[Caption-style text data]
== == ==
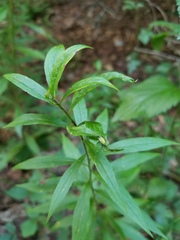 Asphondylia rosulata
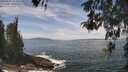 ./images/koeye/fitz-hugh/20260507/fitz-hugh20260507_124501M.jpg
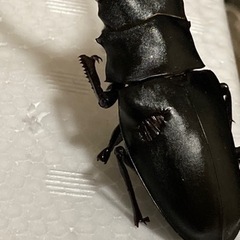 ギラファノコギリクワガタ　オス1 メス1＋aの画像
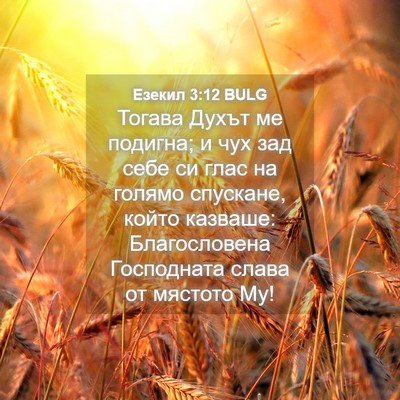 Picture 04 - Езекил 3:12 BULG - Тогава Духът ме подигна; и - Bible Verse Picture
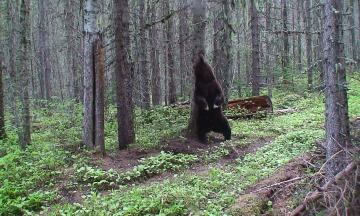 Grizzly Bear Rubbing on Tree taken by USGS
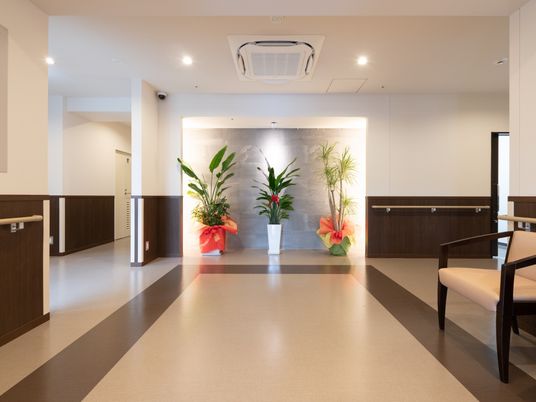 清潔な廊下の植物装飾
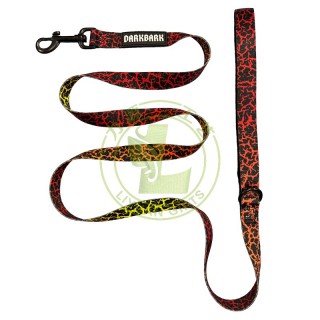 Fashional Custom Printing Style Polyester Dog Collar Leash with Ribbons Eco-Friendly for Daily Walking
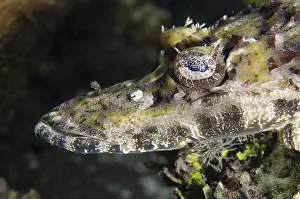 Dampier: Crocodile Flathead - Mangrove Ridge dive site
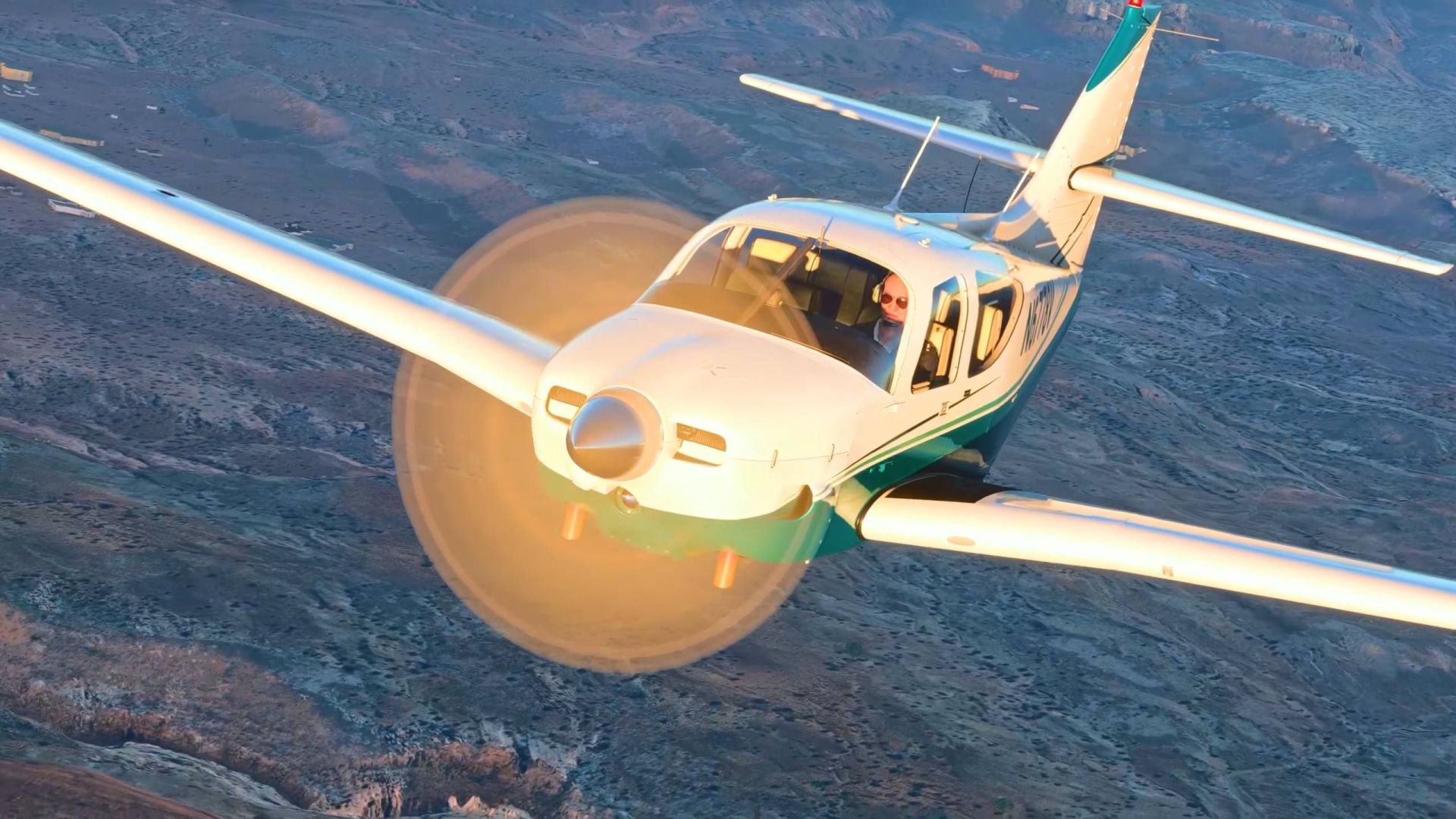 Microsoft Flight Simulator Commander 114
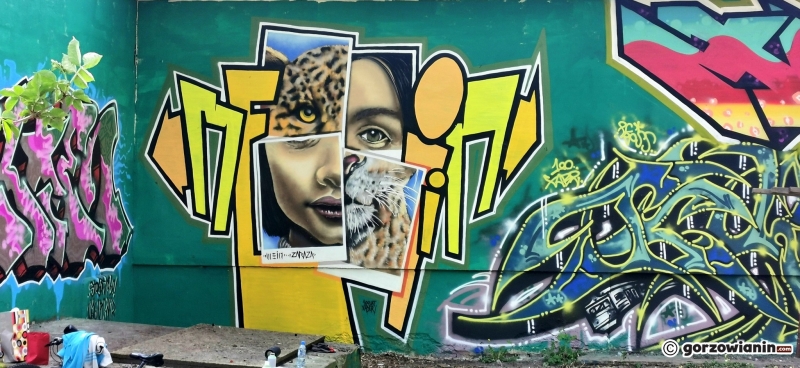 3/10 Nowe murale nad Kłodawką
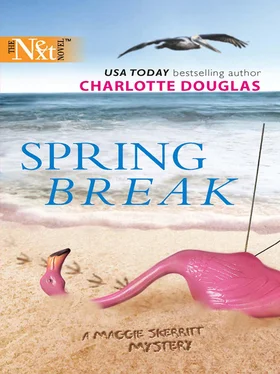 Charlotte Douglas Spring Break обложка книги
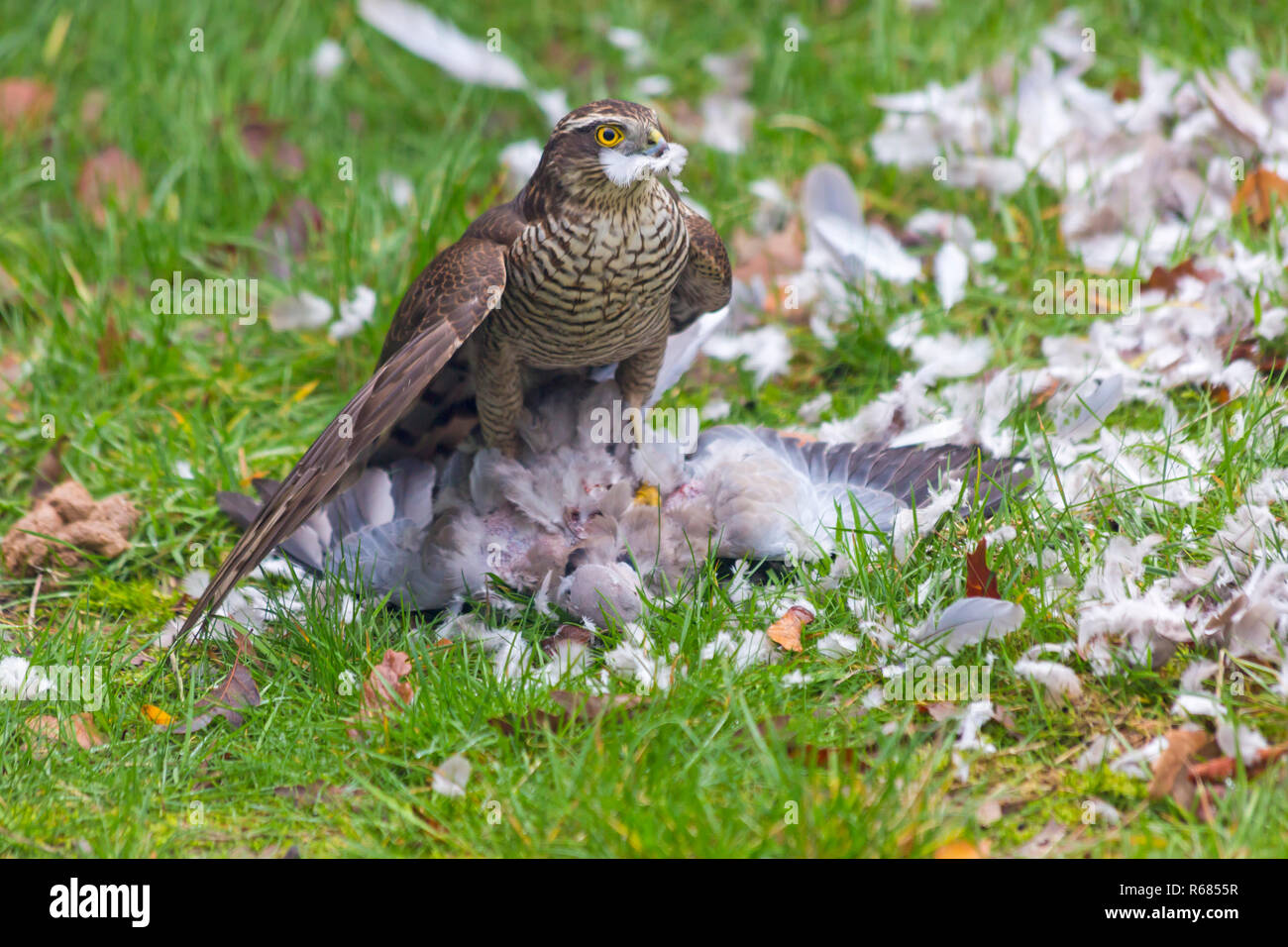 Bournemouth, Dorset, Großbritannien. 4. Dez 2018. Frau Sperber, Accipiter Nisus, Angriffe eine Taube Taube für ein Mittagessen in einem Bournemouth Garten. Credit: Carolyn Jenkins/Alamy leben Nachrichten Stockfoto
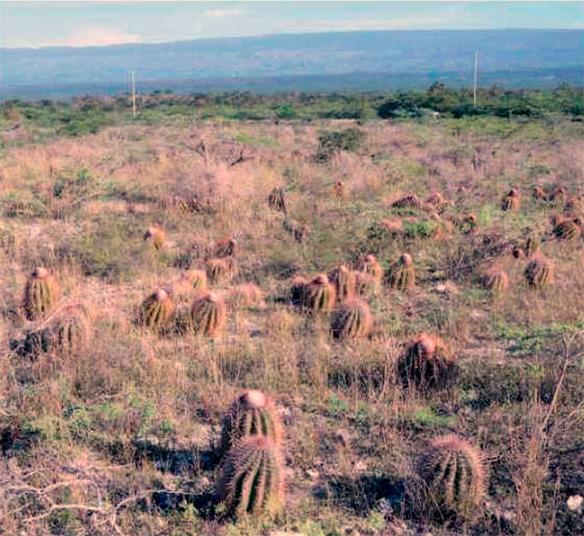 Melocactus pedernalensis, растущий на известняковой поверхности, недалеко от типового местообитания около Педерналеса, ДР. В этой популяции хорошо сочетаются взрослые растения и молодые особи.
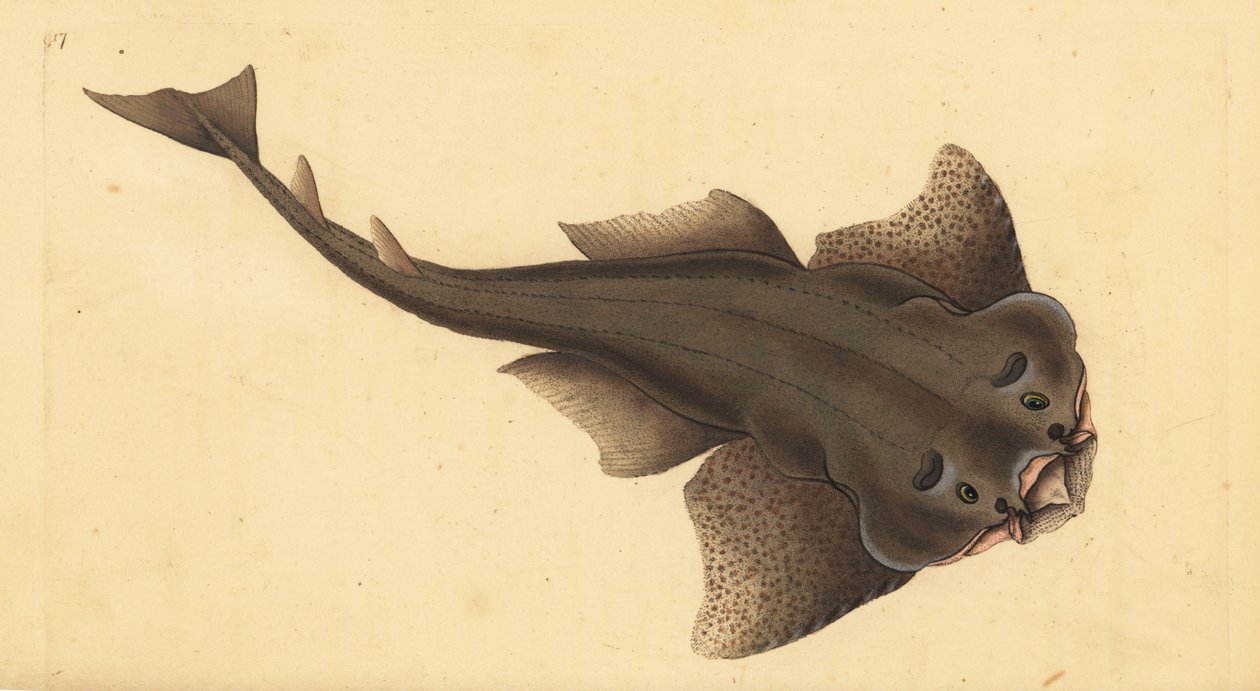 Ange de mer, Squatina squatina - Edward Donovan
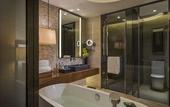 Туры в отель HUALUXE Hotels and Resorts YANGJIANG CITY CENTER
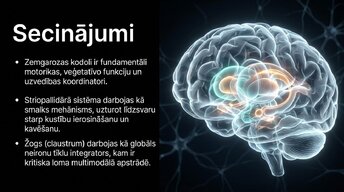 Презентация 'Zemgarozas kodolu arhitektūra un neirobioloģija', 13.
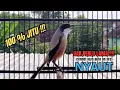 Lagu burung cendet gacor TOET TOET MEWAH untuk PANCINGAN CENDET AGAR BUNYI bikin BURUNG PENTET GACOR DORR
== == ==
## [DIRECTIONS FOR THIS TASK]
An exact copy is needed. It runs from the line above containing "Charlotte Douglas Spring Break обложка книги" down to the line containing "Туры в отель", both included, with no pictures.

## [ANSWER]
 Charlotte Douglas Spring Break обложка книги
 Bournemouth, Dorset, Großbritannien. 4. Dez 2018. Frau Sperber, Accipiter Nisus, Angriffe eine Taube Taube für ein Mittagessen in einem Bournemouth Garten. Credit: Carolyn Jenkins/Alamy leben Nachrichten Stockfoto
 Melocactus pedernalensis, растущий на известняковой поверхности, недалеко от типового местообитания около Педерналеса, ДР. В этой популяции хорошо сочетаются взрослые растения и молодые особи.
 Ange de mer, Squatina squatina - Edward Donovan
 Туры в отель HUALUXE Hotels and Resorts YANGJIANG CITY CENTER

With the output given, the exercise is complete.